Your answer should hold exactly the lines from the one with "2015 Honda Cr-V" through the last line of the material below, nothing before and nothing extra.

▶

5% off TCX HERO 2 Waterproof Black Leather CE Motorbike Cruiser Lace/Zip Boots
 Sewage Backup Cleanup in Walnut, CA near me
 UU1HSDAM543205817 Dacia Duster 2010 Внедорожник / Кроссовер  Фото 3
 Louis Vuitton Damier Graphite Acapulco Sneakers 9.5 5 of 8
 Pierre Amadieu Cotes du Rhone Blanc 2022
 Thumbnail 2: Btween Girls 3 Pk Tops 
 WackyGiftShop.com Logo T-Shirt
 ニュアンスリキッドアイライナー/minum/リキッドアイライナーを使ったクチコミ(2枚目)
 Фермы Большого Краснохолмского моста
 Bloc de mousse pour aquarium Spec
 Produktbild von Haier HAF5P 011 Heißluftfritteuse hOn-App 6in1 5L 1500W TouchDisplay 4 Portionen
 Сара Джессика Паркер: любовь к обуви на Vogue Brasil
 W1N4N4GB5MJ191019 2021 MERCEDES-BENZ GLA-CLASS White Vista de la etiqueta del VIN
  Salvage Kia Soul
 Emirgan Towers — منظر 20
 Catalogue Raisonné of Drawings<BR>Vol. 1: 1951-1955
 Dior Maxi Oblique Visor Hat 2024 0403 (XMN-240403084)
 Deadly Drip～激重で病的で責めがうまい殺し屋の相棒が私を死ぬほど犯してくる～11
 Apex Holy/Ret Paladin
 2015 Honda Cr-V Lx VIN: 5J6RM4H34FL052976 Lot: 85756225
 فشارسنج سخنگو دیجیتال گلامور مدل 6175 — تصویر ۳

◀

### EXPECTED OUTPUT
 2015 Honda Cr-V Lx VIN: 5J6RM4H34FL052976 Lot: 85756225
 فشارسنج سخنگو دیجیتال گلامور مدل 6175 — تصویر ۳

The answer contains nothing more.